I'm wondering why OpenGL is normally seen as an extension to a window systems. With newer hardware available (and a software implementation of the entire pipeline available via Mesa), why not implement a windowing system using a fullscreen OpenGL rendering context, and then map X function calls to OpenGL counterparts?

The obvious gains from this are:
* Faster OpenGL (App->OpenGL rather than App->GLX->X->OpenGL)
* Antialiasing
* The ability to specify on a pixel basis the exact output from any X program (especially the output from font rendering)
* Subpixel positioning
* Something almost as good as Aqua if not better

Also, if the X function calls are mapped correctly to OpenGL calls, existing X applications can run as per usual (similar to how you can run X applications under MS Windows using a third-party server).

Has this already been considered? Is it feasible? What would need to be added to OpenGL to make this happen?

Looking through some of the new extensions to OpenGL like GLS and GLC, I honestly believe that all that is required is there (use GLS in a TCP/IP stream to connect to server, use GLC for fast rendering of characters and as a font server, etc.)

Window management may be a problem, but could you use GLUT for this? Would we need a new GLRCM protocol (GL Rendering Context Management), or just make applications direct their output to a viewport?

Harves
pah06@uow.edu.au

onyXMaster
09-03-2000, 10:34 PM
This will break entire client/server stuff.
GLX was designed to allow communication with remote X server, which is not a very uncommon case. In modern computing ( especially home and business uses ) remote X server is _very_ rare, though there still are a lot of places where it is. Also, GLX works fast enough to not complain on it. X eats more resources ( it suffers from client/server architecture ).

harves
09-03-2000, 11:07 PM
Originally posted by onyXMaster:
This will break entire client/server stuff.
GLX was designed to allow communication with remote X server, which is not a very uncommon case. In modern computing ( especially home and business uses ) remote X server is _very_ rare, though there still are a lot of places where it is. Also, GLX works fast enough to not complain on it. X eats more resources ( it suffers from client/server architecture ).

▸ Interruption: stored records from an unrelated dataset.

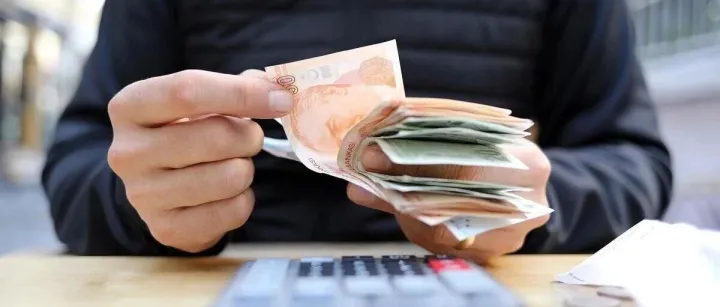 遇到这些坑，你的tiktok跨境之路就到头了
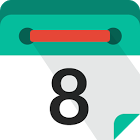 滴滴車主 V9.0.14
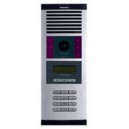 PLACA CITY CLASSIC MDS DIGITAL 1 VISOR Ref. 87701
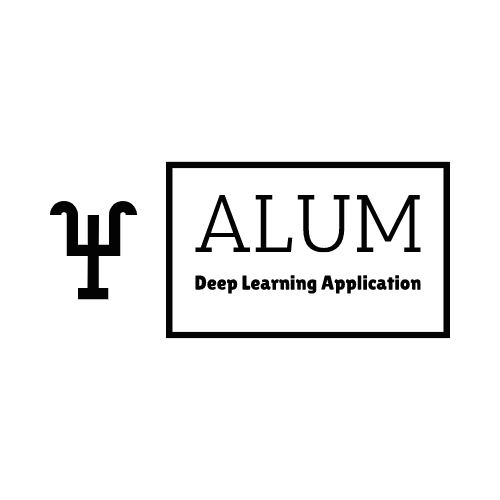 Deep Learning Logo Maker | LOGO.com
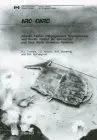 Cover of Atlantic Halibut (Hippoglossus hippoglossus) and Pacific Halibut (H.stenolepis) and their North American Fisheries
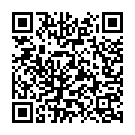 Goriya Ke Pyar Song - QR Code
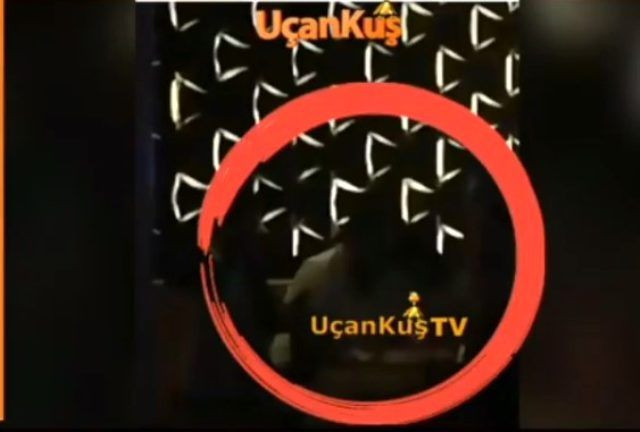 Damla Ersubaşı'nın eşi Mustafa Can Keser hamileyken aldattı ihanet böyle görüntülendi - Resim: 3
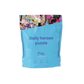 Daily Heroes puzzel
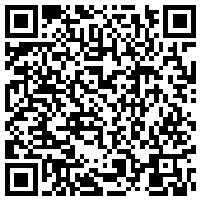 QR Code for bitcoin:bitcoin:bitcoin:bitcoin:bitcoin:bitcoin:bitcoin:dash:Xj5Z48HFr5SVESkBi7RvkKYdQFAXZqqZFK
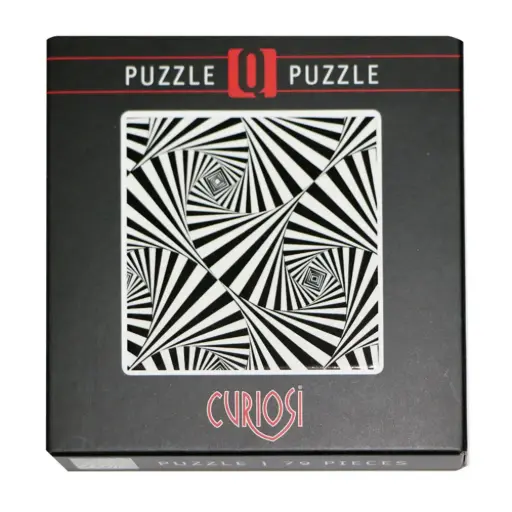 Illusion 5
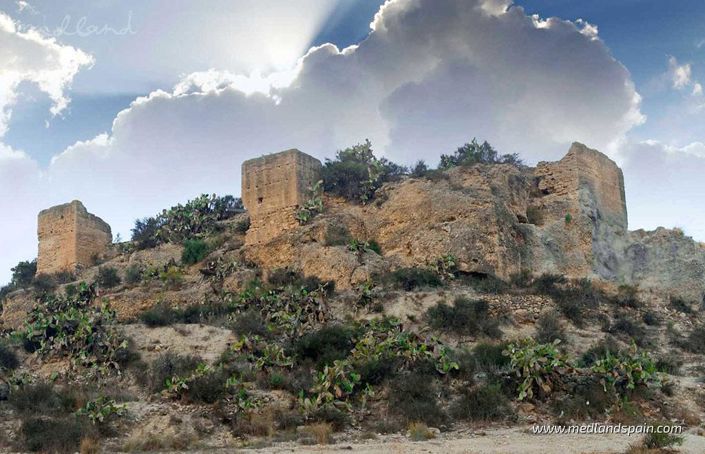 Image No.15-2 Bed Apartment for sale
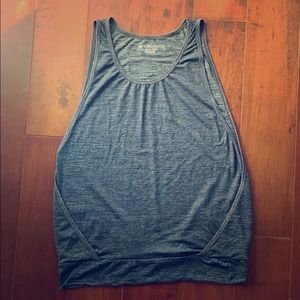 🔥Beyond Yoga Top For Yoga, Pilates, etc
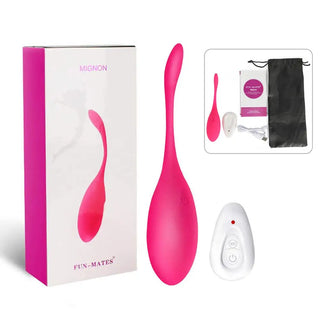 Buy controller-version-a APP Vibrators for Women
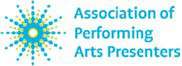 Association of Performing Arts Presenters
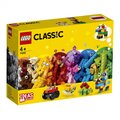 LEGO® Classic 11002 Základní sada kostek_827823349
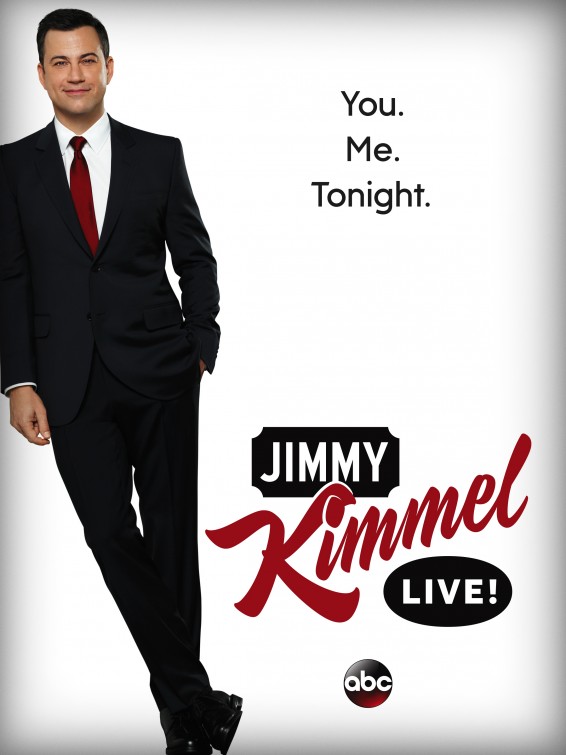 jimmy-kimmel-245.jpeg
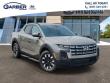 New 2025 Hyundai Santa Cruz SEL Activity AWD Truck Crew Cab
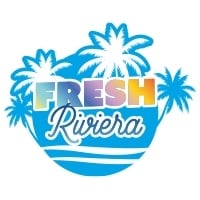 Fresh Riviera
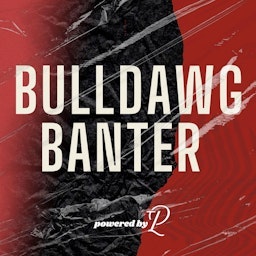 Bulldawg Banter Powered By TPL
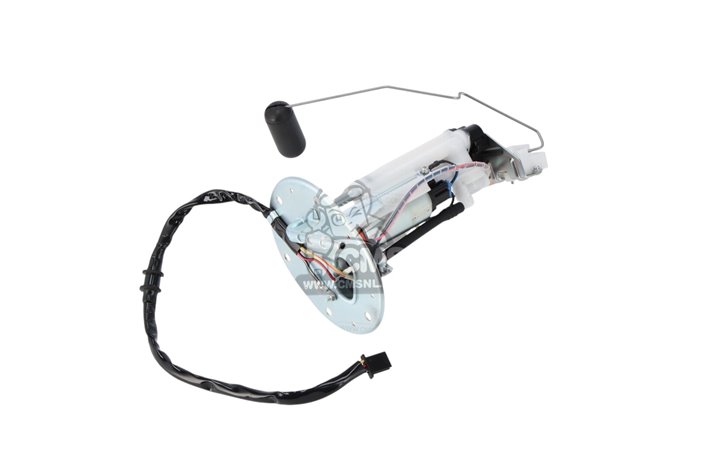 Pompa Carburante 16700-MEW-921 per Honda NT700V 2010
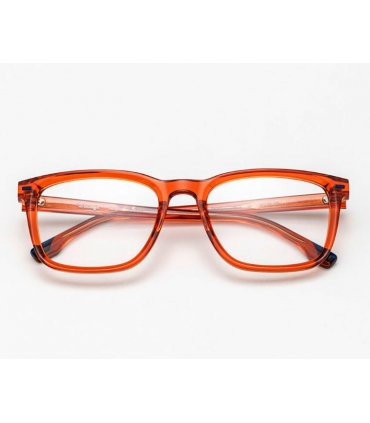 WOODYS Nitro Eyeglasses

Why would this break the client/server relationship? Using GLS (GL Streams Extension) proposed by SGI lets you package GL commands. Creating a server which receives these requests and executes them (the same idea as an X server) is what I was proposing?
I know GLX is fast enough, but I see the idea of it being an extension to allow OpenGL clients work over an aging protocol as kind of silly. Why run OpenGL over X, when OpenGL is the one designed for high-quality graphics? Why not run X on top of an OpenGL server?

onyXMaster
09-04-2000, 10:59 PM
Because no one wish to do it.
Also, writing accelerated X server relying on hardware is really better than writing X server relying on accelerated OpenGL interface. Also, X bitmap management, windowing functions, etc. will eat more resources when implemented on top of OpenGL - it lacks direct memory addressing. Imagine font and bitmap caching in off-screen VRAM ( common feature of accelerated X servers ), implemented in OpenGL ? What about 2D graphics ? A lot of small textures for bitmaps, or using Read/DrawPixels, which are really slow on most common drivers ? Texture thrashing along with insane amount of memory used texture contexts, with power of 2 limitation, or direct updating with TexSubImage consuming precious bandwidth is the first case problem. Second case seems obvious but 2d performance still sucks on most cards/drivers, also you lose most of hardware acceleration in this way. This will raise more problems that the gain will be.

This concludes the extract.